The task>
Lift out, unaltered, the lines of the material below between the line holding "Game Boy Rugrats Time Travelers Poster Only" and the line holding "HEITRONIC Outdoor Sicherheits-Verbindungsbox", counting both.
Segment Start: Data shown
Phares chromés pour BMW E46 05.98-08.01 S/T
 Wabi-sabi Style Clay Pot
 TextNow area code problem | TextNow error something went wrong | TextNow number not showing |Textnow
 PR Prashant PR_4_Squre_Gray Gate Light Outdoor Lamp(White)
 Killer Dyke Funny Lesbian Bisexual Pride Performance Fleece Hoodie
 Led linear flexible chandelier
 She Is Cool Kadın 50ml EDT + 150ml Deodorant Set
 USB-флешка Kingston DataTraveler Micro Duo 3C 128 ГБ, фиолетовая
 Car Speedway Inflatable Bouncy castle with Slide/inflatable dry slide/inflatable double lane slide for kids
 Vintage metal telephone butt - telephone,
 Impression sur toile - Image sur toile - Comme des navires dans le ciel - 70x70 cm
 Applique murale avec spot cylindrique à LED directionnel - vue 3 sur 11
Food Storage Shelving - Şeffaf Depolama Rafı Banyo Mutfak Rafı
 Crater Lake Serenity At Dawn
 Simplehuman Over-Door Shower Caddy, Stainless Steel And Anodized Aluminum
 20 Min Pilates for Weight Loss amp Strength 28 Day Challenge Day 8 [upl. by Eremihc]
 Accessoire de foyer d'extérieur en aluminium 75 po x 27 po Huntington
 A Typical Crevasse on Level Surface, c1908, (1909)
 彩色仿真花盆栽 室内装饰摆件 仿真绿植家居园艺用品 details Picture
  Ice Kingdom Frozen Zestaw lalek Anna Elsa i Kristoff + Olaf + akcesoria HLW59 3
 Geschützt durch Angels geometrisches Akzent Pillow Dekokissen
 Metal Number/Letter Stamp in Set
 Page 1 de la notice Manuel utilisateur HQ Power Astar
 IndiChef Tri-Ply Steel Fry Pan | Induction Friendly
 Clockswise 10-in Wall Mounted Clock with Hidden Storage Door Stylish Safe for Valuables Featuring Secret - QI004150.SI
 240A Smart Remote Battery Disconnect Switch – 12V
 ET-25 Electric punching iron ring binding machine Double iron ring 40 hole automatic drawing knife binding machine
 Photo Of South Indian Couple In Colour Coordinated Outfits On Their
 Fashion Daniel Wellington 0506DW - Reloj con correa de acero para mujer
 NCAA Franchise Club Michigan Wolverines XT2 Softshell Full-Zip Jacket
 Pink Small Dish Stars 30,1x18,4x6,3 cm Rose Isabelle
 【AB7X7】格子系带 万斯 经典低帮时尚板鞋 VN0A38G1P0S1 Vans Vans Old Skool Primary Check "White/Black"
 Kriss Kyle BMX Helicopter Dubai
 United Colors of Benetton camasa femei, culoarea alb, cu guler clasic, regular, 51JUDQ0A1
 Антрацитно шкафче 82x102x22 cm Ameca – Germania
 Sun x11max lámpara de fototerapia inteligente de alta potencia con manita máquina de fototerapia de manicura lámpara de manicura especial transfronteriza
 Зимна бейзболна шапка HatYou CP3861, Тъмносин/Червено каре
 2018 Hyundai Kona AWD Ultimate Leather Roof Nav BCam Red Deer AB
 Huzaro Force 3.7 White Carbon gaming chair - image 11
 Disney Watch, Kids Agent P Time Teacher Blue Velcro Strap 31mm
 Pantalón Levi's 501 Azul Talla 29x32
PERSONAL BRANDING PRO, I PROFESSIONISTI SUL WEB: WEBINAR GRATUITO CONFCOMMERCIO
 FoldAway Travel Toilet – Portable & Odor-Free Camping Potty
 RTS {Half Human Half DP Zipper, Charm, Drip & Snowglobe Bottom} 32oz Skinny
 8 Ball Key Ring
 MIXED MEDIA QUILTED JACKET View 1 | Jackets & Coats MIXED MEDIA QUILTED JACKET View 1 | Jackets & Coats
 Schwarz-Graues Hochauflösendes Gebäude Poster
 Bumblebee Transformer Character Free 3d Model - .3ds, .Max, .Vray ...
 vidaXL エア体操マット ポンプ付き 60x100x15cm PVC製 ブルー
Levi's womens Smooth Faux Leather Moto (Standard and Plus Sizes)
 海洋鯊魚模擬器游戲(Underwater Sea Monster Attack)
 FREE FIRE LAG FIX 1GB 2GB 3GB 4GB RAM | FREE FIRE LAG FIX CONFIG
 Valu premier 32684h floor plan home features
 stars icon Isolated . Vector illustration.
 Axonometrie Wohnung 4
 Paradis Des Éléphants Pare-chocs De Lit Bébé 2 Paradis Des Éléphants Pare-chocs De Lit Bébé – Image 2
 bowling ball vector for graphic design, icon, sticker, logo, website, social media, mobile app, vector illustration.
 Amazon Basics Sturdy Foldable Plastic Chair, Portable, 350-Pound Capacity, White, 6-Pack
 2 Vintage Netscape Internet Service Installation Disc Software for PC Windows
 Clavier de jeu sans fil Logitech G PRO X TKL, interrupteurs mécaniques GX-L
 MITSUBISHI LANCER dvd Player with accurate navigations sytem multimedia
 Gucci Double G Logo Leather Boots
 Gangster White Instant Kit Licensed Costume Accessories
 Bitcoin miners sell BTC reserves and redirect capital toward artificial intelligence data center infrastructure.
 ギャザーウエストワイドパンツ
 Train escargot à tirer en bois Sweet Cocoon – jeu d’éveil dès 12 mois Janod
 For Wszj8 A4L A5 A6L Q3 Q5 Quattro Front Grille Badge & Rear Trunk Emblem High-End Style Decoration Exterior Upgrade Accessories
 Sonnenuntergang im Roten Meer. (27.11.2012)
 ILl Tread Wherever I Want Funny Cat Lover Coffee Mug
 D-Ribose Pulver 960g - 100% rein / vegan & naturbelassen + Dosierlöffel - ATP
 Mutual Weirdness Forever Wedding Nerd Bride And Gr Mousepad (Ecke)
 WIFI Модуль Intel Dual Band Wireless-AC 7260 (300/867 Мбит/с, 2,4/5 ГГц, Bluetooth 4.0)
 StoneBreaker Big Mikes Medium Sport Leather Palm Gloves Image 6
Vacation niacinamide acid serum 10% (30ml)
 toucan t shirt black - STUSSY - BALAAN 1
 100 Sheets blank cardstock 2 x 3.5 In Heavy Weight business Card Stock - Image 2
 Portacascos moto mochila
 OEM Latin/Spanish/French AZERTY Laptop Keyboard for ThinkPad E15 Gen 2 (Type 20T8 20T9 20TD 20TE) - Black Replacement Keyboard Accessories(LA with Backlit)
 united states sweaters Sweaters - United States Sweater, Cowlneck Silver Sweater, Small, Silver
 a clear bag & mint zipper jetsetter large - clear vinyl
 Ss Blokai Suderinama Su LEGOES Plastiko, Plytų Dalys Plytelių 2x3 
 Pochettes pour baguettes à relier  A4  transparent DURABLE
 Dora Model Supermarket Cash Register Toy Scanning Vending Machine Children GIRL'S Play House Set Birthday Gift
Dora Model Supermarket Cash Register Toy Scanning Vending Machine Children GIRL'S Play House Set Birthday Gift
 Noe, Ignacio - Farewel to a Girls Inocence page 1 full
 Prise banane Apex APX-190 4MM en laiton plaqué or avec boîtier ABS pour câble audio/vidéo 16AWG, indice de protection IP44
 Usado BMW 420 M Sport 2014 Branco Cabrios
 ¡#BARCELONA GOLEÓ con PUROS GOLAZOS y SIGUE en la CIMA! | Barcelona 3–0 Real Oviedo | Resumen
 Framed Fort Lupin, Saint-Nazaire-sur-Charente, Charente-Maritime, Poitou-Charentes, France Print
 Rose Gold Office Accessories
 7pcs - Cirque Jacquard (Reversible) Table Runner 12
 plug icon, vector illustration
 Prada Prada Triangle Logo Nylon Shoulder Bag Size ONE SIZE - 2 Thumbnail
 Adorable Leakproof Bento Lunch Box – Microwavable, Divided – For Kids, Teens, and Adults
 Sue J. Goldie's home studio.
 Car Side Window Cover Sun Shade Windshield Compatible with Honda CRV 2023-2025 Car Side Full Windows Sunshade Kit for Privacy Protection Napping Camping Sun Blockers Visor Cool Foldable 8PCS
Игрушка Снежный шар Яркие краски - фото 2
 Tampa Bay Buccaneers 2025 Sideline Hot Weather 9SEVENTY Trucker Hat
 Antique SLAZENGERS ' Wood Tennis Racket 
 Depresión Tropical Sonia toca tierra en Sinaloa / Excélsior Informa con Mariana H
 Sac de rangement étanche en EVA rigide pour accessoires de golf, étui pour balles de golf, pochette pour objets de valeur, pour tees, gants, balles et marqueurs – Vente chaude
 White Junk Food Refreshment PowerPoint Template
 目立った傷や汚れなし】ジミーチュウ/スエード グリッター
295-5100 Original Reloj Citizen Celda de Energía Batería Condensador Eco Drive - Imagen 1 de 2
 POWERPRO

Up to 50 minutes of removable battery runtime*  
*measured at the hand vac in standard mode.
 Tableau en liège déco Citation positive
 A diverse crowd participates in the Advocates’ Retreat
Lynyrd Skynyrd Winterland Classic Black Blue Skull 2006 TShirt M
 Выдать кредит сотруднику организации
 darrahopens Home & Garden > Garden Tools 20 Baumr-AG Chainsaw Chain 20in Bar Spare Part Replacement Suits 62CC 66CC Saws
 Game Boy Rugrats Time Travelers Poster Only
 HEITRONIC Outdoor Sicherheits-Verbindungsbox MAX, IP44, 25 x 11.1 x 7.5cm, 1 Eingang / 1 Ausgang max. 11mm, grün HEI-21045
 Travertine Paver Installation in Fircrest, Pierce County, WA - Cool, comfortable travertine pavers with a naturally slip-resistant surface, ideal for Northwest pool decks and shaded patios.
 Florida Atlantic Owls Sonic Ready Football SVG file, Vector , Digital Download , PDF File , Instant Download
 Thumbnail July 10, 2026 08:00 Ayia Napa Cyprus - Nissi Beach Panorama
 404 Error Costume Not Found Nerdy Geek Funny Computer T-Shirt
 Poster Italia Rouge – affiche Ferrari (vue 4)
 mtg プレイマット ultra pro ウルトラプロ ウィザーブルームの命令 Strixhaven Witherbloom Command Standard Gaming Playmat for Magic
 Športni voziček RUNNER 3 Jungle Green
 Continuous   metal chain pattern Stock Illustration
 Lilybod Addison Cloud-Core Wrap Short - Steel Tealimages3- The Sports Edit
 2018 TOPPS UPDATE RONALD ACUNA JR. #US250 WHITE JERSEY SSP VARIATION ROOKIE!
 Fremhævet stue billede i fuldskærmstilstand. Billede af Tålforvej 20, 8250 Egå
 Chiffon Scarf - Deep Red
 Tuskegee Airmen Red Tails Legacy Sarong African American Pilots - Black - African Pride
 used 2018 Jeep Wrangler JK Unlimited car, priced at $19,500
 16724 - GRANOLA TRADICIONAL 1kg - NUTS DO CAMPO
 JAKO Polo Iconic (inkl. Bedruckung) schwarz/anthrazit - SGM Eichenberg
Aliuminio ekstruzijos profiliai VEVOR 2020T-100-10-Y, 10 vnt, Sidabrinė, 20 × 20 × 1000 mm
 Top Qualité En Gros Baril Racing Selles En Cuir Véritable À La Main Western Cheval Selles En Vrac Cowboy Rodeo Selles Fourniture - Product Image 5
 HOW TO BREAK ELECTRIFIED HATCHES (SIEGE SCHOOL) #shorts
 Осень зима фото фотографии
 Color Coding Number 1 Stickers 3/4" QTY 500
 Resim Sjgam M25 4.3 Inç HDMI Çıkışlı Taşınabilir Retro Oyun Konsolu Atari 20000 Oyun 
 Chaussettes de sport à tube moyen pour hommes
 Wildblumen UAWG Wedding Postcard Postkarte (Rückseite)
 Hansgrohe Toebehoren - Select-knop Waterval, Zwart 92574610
Segment End: Data shown
Exercise result>
 Game Boy Rugrats Time Travelers Poster Only
 HEITRONIC Outdoor Sicherheits-Verbindungsbox MAX, IP44, 25 x 11.1 x 7.5cm, 1 Eingang / 1 Ausgang max. 11mm, grün HEI-21045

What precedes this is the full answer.